カプセル回収現場の様子

回収チームとしてカプセルを出迎えた月・惑星探査プログラムグループはやぶさプロジェクトチーム教授の國中均氏は、カプセル回収後の14日夜の会見において、「(地球再突入による)火球の発生は当然」としながらも、「その後のビーコンの発信。ここを心配していた。高度200kmから再突入をし、パラシュートが開いてビーコンが発せられるまで2~3分。その間が永遠のように感じた」とその瞬間を振り返る。

6月14日の日本時間20時過ぎから開始されたはやぶさの地球帰還に関する最後の会見。モニタ上に写っている左から2人目が國中均教授

また、回収現場に赴き、カプセルを見た様子について、「接近した状態では非常にきれいだった。外傷は見られず、かつフタには断熱材がついており、熱の影響を受けなかったことが感じられたほか気密性が保たれたままだと思っている。また、母船とのアンビリカルケーブルは切り離しの時に切断されるが、少しだけ出た状態で降下してくる。これは降下時の熱でなくなると思っていたが、若干残っていた。

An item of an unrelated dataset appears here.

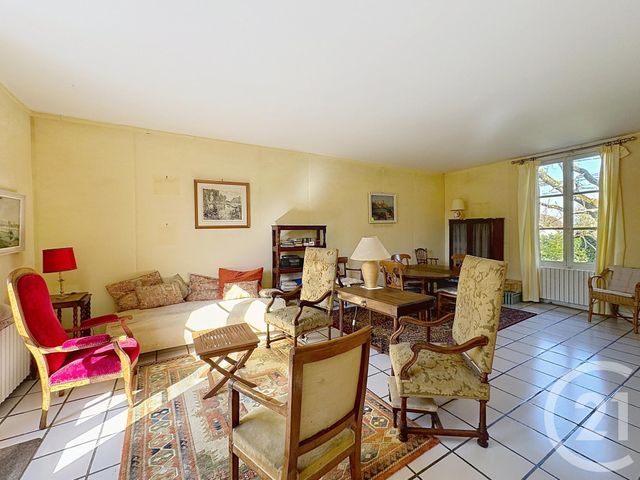 Maison &agrave; vendre - 7 pi&egrave;ces - 128,53 m2 - Marcilly En Gault - 41 - CENTRE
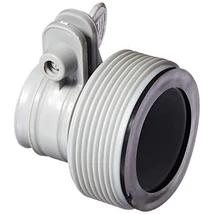 Hollanderes átalakító (párban) 32mm-es medence csatlakozáshoz INTEX 10722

これは背面への熱の入り込みがほとんどなかったことを意味しており、ちょっとすごいものを見たという気がした」とまさに理想的な降下だったことを表現する。

はやぶさのマイクロ波放電式イオンエンジンの開発を担当した國中氏であるが、そのイオンエンジンをあの手この手でここまで活用してきたことについて、「虚仮の一念だけです」とエンジニアとしての意地を語ったほか、運用に関しては「TCM-2以降はオーストラリアに先に来ていたので、チームのみんなに任せてきたが、よく運転してくれたと思っている」とし、「イオンエンジン単体だけを運用できるのであれば、もう1周くらいはしてみて、いけるところまで行ってみたかった」と1人のエンジニアとしての私見を披露した。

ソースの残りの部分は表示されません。